# Tax on Equity Compensation for Independent Contractor



## mayur553 (Aug 2, 2019)

Hi Experts, I need your help with this unique situation i am facing.

I am planning to sign a services contract as an Independent contractor / Corporation / Sole Proprietorship, with a Canadian Startup. And the startup wants to pay me in equity, which has 0 value as of date. I understand i would have an immediate tax liability on the equity compensation i receive.
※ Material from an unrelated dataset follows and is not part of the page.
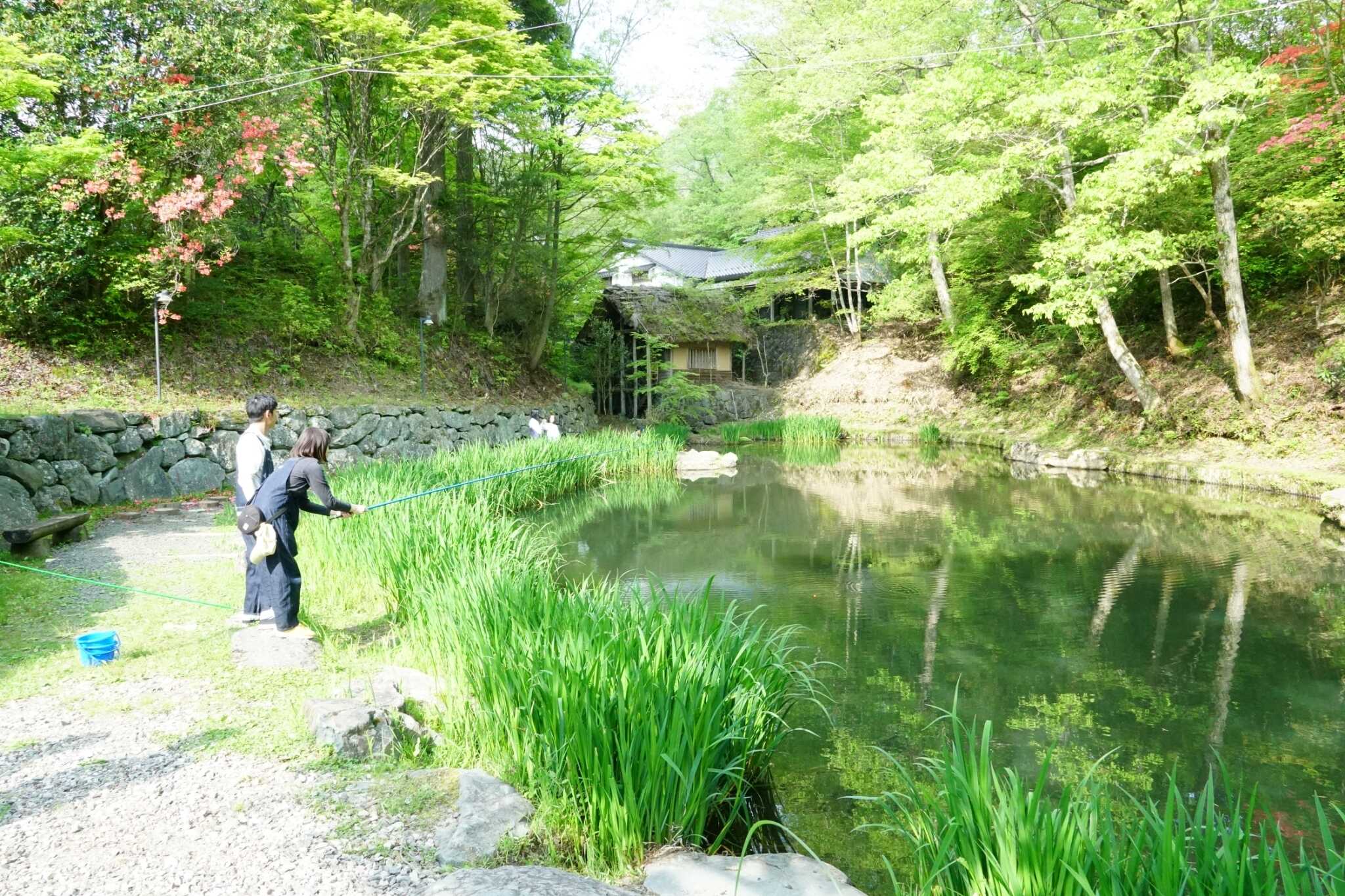 久万高原ふるさと旅行村キャンプ場の写真 5枚目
Is there a way to structure this transaction, where i do not have to pay tax unless i can monetize those equity shares at a future date? Would sweat equity agreement help me defer my tax liability? Is there any way to structure this transaction?

Thanks.


----------



## gardner (Feb 13, 2014)

Perhaps structuring as stock options would be more appropriate:

https://www.canada.ca/en/revenue-ag...a-security-stock-options-taxable-benefit.html

Equity is particularly risky if it has a vestment or holding period. People have gotten totally ruined by receiving M$ grants of stock that then dropped to nothing during the vesting period and left them with gargantuan tax bills and no money. If it were me, I would consult a lawyer.


----------



## mayur553 (Aug 2, 2019)

Thanks for your response. Perhaps stock option would have been an ideal structure, if i was an employee. However, if i receive stock option as an independent contractor, then i am liable to pay tax on those stock option and cannot defer that untill i actually excersise the option.


----------